» **Your instructions**: Will you write out all the entries below exactly?

» **Data for review**:
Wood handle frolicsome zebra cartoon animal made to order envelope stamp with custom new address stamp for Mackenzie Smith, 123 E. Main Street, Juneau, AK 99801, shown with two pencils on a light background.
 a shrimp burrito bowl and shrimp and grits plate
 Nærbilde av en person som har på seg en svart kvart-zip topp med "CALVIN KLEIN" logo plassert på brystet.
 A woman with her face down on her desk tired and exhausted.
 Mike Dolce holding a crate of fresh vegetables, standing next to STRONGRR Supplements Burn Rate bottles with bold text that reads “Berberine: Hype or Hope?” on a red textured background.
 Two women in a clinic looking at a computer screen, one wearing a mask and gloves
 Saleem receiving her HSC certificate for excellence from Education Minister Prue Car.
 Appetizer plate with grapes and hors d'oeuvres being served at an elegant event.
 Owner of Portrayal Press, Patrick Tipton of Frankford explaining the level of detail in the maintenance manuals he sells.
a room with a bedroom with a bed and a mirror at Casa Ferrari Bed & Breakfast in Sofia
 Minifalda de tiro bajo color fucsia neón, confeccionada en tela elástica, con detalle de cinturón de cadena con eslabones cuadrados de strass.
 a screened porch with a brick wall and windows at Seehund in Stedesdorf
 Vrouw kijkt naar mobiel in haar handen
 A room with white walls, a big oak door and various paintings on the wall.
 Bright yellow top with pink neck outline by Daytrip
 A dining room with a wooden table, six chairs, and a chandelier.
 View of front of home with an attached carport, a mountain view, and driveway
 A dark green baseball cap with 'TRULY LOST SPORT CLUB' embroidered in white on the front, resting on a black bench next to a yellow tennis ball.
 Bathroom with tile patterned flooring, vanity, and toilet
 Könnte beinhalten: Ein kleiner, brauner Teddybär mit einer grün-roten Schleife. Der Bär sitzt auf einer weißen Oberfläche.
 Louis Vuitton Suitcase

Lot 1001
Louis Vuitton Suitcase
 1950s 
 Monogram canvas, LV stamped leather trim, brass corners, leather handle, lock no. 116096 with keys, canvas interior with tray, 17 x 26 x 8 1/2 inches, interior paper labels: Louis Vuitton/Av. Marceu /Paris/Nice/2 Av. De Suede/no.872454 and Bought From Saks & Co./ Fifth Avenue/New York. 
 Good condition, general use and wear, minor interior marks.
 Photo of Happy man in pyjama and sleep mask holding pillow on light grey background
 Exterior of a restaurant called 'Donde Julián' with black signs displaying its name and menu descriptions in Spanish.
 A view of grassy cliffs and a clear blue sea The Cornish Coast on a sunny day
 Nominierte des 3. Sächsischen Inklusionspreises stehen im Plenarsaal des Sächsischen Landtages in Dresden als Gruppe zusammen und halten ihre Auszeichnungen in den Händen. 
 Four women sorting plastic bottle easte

» **Solution for this task**:
Wood handle frolicsome zebra cartoon animal made to order envelope stamp with custom new address stamp for Mackenzie Smith, 123 E. Main Street, Juneau, AK 99801, shown with two pencils on a light background.
 a shrimp burrito bowl and shrimp and grits plate
 Nærbilde av en person som har på seg en svart kvart-zip topp med "CALVIN KLEIN" logo plassert på brystet.
 A woman with her face down on her desk tired and exhausted.
 Mike Dolce holding a crate of fresh vegetables, standing next to STRONGRR Supplements Burn Rate bottles with bold text that reads “Berberine: Hype or Hope?” on a red textured background.
 Two women in a clinic looking at a computer screen, one wearing a mask and gloves
 Saleem receiving her HSC certificate for excellence from Education Minister Prue Car.
 Appetizer plate with grapes and hors d'oeuvres being served at an elegant event.
 Owner of Portrayal Press, Patrick Tipton of Frankford explaining the level of detail in the maintenance manuals he sells.
a room with a bedroom with a bed and a mirror at Casa Ferrari Bed & Breakfast in Sofia
 Minifalda de tiro bajo color fucsia neón, confeccionada en tela elástica, con detalle de cinturón de cadena con eslabones cuadrados de strass.
 a screened porch with a brick wall and windows at Seehund in Stedesdorf
 Vrouw kijkt naar mobiel in haar handen
 A room with white walls, a big oak door and various paintings on the wall.
 Bright yellow top with pink neck outline by Daytrip
 A dining room with a wooden table, six chairs, and a chandelier.
 View of front of home with an attached carport, a mountain view, and driveway
 A dark green baseball cap with 'TRULY LOST SPORT CLUB' embroidered in white on the front, resting on a black bench next to a yellow tennis ball.
 Bathroom with tile patterned flooring, vanity, and toilet
 Könnte beinhalten: Ein kleiner, brauner Teddybär mit einer grün-roten Schleife. Der Bär sitzt auf einer weißen Oberfläche.
 Louis Vuitton Suitcase

Lot 1001
Louis Vuitton Suitcase
 1950s 
 Monogram canvas, LV stamped leather trim, brass corners, leather handle, lock no. 116096 with keys, canvas interior with tray, 17 x 26 x 8 1/2 inches, interior paper labels: Louis Vuitton/Av. Marceu /Paris/Nice/2 Av. De Suede/no.872454 and Bought From Saks & Co./ Fifth Avenue/New York. 
 Good condition, general use and wear, minor interior marks.
 Photo of Happy man in pyjama and sleep mask holding pillow on light grey background
 Exterior of a restaurant called 'Donde Julián' with black signs displaying its name and menu descriptions in Spanish.
 A view of grassy cliffs and a clear blue sea The Cornish Coast on a sunny day
 Nominierte des 3. Sächsischen Inklusionspreises stehen im Plenarsaal des Sächsischen Landtages in Dresden als Gruppe zusammen und halten ihre Auszeichnungen in den Händen. 
 Four women sorting plastic bottle easte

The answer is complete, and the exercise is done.